Group Dynamics and Collaboration Patterns. Task performance of a whole group is partly decided by how well workload is distributed, managed, and coordinated amongst members and partly by how well each member uses tools to coordinate and execute tasks. Therefore, it is an important topic to study how the collaboration occurs at individuals’ level and group dynamics in collaborative mixed immersive systems. Moreover, studies can be carried out to measure collaboration performance and competition within a group and between groups.
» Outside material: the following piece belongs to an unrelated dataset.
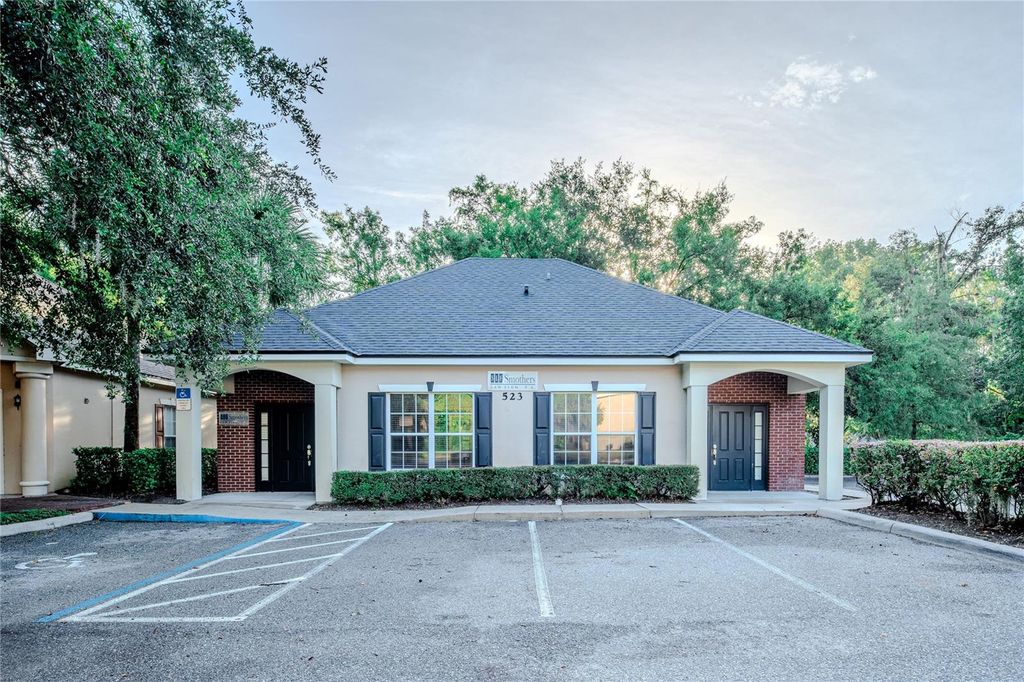 Photo of 523 Wekiva Commons Circle #4, Apopka, FL 32712 (MLS # O6374306)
Virtual Representations of Self and of Others. The use of virtual bodies of users as the representation of self on computer-mediated environments can change their sense of ownership (i.e. perception that extends or modifies virtual parts of avatar as their own) and agency (i.e. perception of controlling these new forms). Accurate representations of users within XR environments extracted from all the tracking systems have the potential to be able to render highly realistic models to facilitate real-time face-to-face interaction and communication between users. The extension of one’s virtual body in collaborative context can be extensively studied in the near future for a more complete understanding of how each user perceives and experiences within XR environments. For instance, in a collaborative AR world, a research question can be how the representation of both physical and virtual body can affect the user’s self-perception and self-localisation. In addition, another aspect of using virtual representations of avatars and embodied agents with their behavioural realism and appearance realism can be broadly studied on the measures of collaborative tasks performance and UX.
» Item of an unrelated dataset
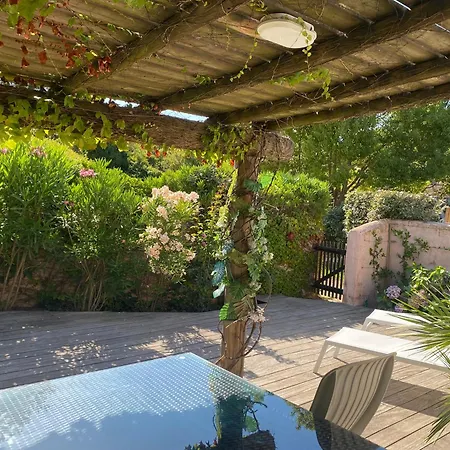 Marina Di Santa Giulia Apartment *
Merging of Physical and Virtual Worlds. The integration of physical world into the virtual world and how the virtual world manifests itself in the physical world need to be revised to adapt to collaborative XR systems within which multiple users have their own hardware capabilities and may not be aware of the differences between them. Since more and more XR devices have been marketed to larger public, it would be necessary to study how mediated environments created by HMD, smart glasses, projection-based or CAVE-like systems can be perceived individually by each user and how these differences in display and interaction devices will affect users’ roles in the whole collaboration process.

5 Conclusion

Multiple user experience or coexperience in collaborative extended reality environments is an important topic that requires synergistic research collaboration amongst cognitive psychologists and social scientists, human-computer interaction researchers and designers, extended reality (virtual reality and augmented reality) scientists and developers, data scientists, amongst others. The future outcomes of this research will facilitate greatly the interaction between humans and computer-generated worlds through multi-sensory stimuli interaction design and exchange mechanisms. We present in this paper several main aspects of coexperience in collaborative extended reality environments including presence-related factors, group dynamics and collaboration patterns, avatars and embodied agents, nonverbal communication, group size, awareness of physical and virtual world as the initiative to review the current state of the art of this multi-disciplinary research domain. Many future research opportunities are outlined in the previous section that could be of interest to researchers and scientists in different fields. There are still many unexplored topics in this multi-discipline domain and great research effort, resources, and collaboration need to be initiated to solve these challenges as collaboration between users, especially remotely located users, is technologically challenging in providing seamlessly transferring communication, manipulation and task execution process.